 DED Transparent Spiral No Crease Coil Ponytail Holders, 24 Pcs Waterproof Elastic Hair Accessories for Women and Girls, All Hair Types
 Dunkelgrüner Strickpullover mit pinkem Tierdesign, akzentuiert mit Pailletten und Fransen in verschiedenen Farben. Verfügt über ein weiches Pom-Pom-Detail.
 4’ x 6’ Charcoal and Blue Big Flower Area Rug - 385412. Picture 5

--

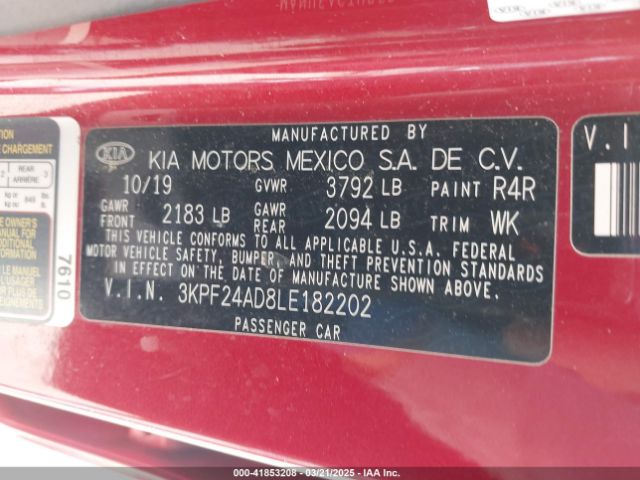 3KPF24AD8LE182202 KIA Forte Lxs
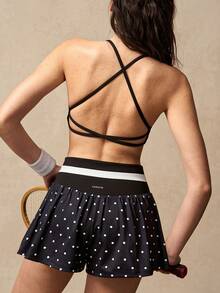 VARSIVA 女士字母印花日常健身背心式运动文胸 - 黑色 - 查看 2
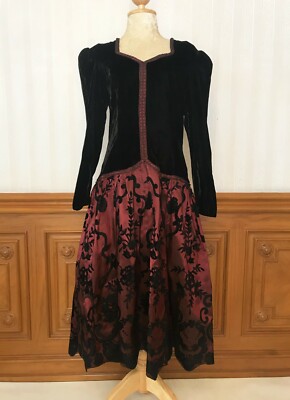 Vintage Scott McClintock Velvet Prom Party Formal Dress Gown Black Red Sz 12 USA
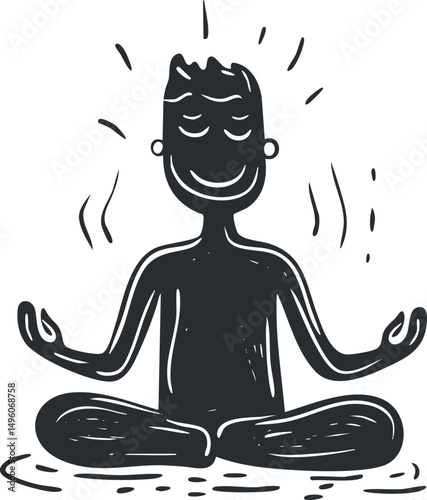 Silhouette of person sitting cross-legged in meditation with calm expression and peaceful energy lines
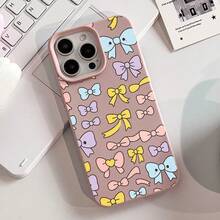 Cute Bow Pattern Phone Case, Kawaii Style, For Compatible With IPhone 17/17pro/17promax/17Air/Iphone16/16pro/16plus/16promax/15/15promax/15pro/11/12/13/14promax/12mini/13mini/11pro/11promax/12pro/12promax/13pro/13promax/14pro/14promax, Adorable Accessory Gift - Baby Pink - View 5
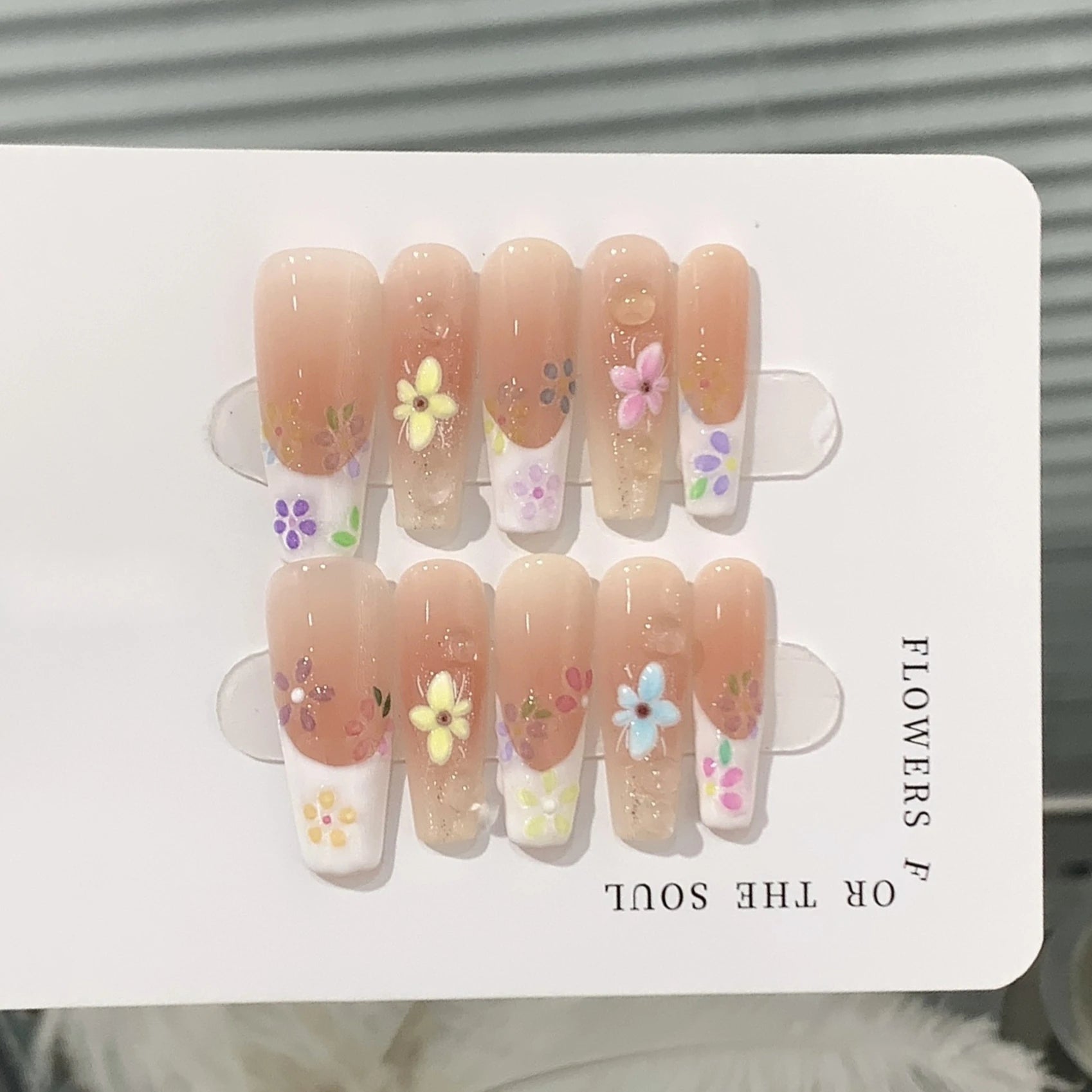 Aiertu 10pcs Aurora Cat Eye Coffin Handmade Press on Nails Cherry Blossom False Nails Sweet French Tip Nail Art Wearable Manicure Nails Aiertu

**Your objective:** Copy out only the lines of the records above from the one with "Dunkelgrüner Strickpullover mit" through the one with "4’ x 6’ Charcoal", exactly as they stand, both included.

**Finished exercise:**
 Dunkelgrüner Strickpullover mit pinkem Tierdesign, akzentuiert mit Pailletten und Fransen in verschiedenen Farben. Verfügt über ein weiches Pom-Pom-Detail.
 4’ x 6’ Charcoal and Blue Big Flower Area Rug - 385412. Picture 5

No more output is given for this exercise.